En tournant le dos au PS à la faveur d’alliances avec des formations apparemment plus « radicales » et « anti-capitalistes », les camarades en question cherchent une solution à un problème bien réel. Cependant, La Riposte considère que la stratégie envisagée par ces camarades n’est pas la bonne. Au contraire, à notre avis, si jamais elle était adoptée, elle créerait bien plus de problèmes qu’elle n’en résoudrait.

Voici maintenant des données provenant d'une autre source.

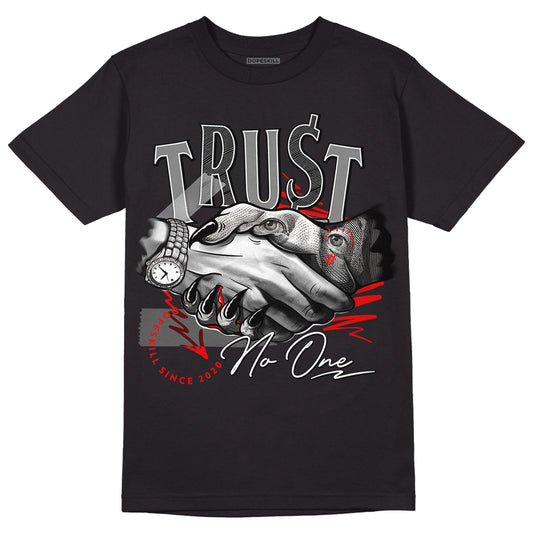 Jordan 5 Retro P51 Camo DopeSkill T-Shirt Trust No One Graphic Streetwear - Black 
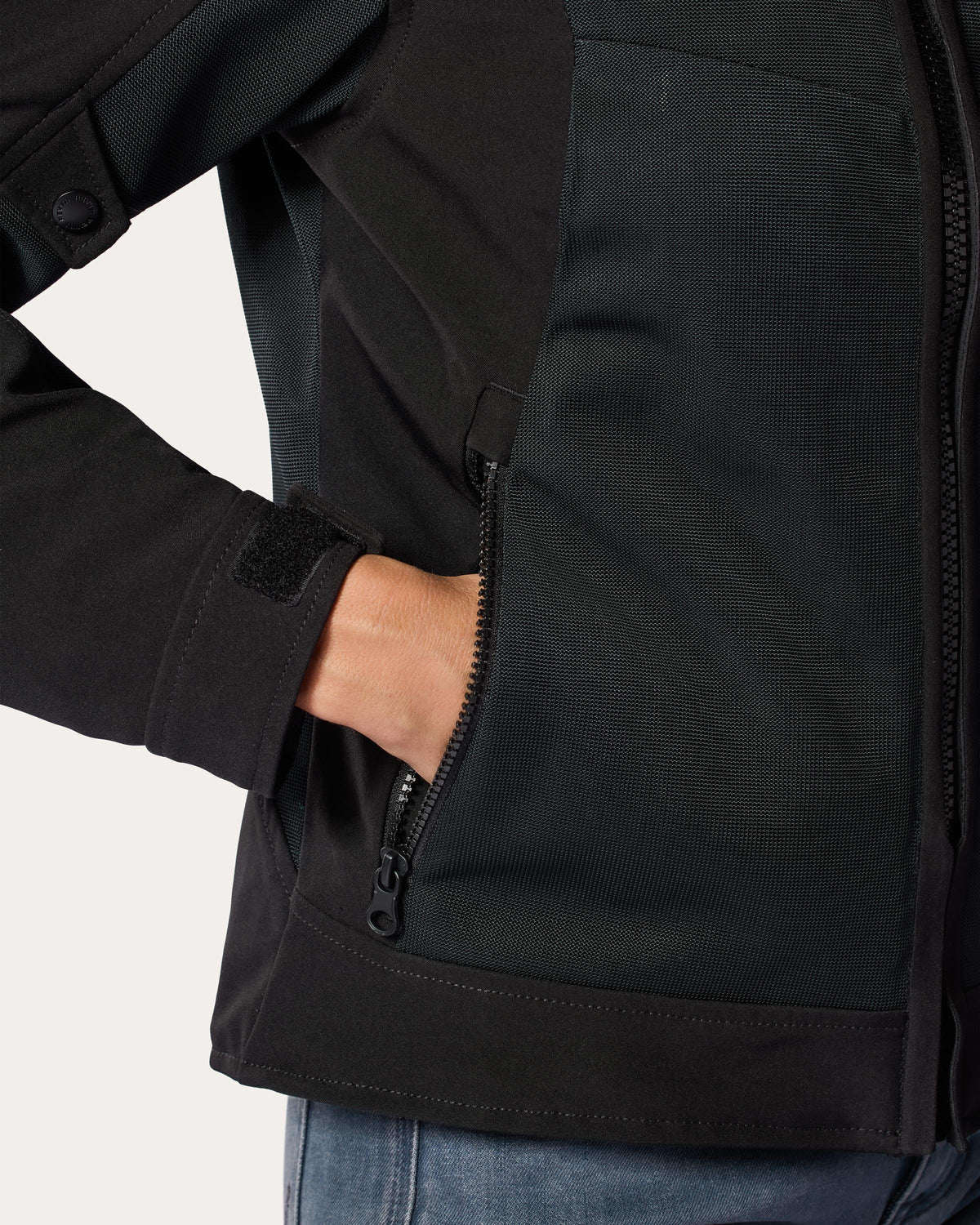 Jacket Highcrest H2O Ladies | Black - Detail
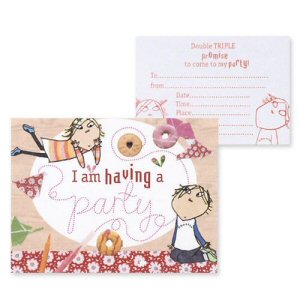 Charlie and Lola Party Invitations with Envelopes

Le score électoral relativement important de l’alliance LO-LCR aux présidentielles a certainement favorisé l’idée d’un « pôle anti-capitaliste ». Cependant, cette « percée » s’est avérée tout à fait éphémère. Aux régionales et aux européennes, le score du tandem LO-LCR est revenu à son niveau d’avant 1997. Le vote élevé de l’extrême gauche, en 2002, était dû à la volonté d’une fraction significative de l’électorat socialiste et communiste d’envoyer un signal aux directions de ces partis. Ces électeurs revendiquaient une politique plus à gauche que celle qui avait été mise en pratique depuis 1997, et se sont payés ce « luxe » en pensant qu’ils pouvaient toujours rallier le candidat socialiste au deuxième tour. On sait ce qu’il en a été. L’éclatement des voix de gauche au premier tour nous a laissé avec deux candidats de droite au deuxième. La leçon apprise, le « vote de protestation » en faveur de l’extrême-gauche est retombé comme un soufflet aux scrutins suivants.
Les régionales ont fourni une nouvelle illustration des réserves sociales et électorales colossales du Parti Socialiste. Les organisations dites d’extrême-gauche sont apparemment incapables de comprendre ce phénomène. Toute leur histoire est marquée par une sorte de réflexe pavlovien consistant à enterrer prématurément le PS à chaque fois qu’il enregistre un revers électoral. Or, les communistes, eux, se doivent de ne pas tomber dans la même « logique » gauchiste. Si le PS, malgré son réformisme et malgré le caractère pro-capitaliste de sa direction, conserve une base sociale et électorale si importante, c’est parce qu’il repose sur la masse du salariat, dont le niveau de conscience politique est, à ce stade, également réformiste.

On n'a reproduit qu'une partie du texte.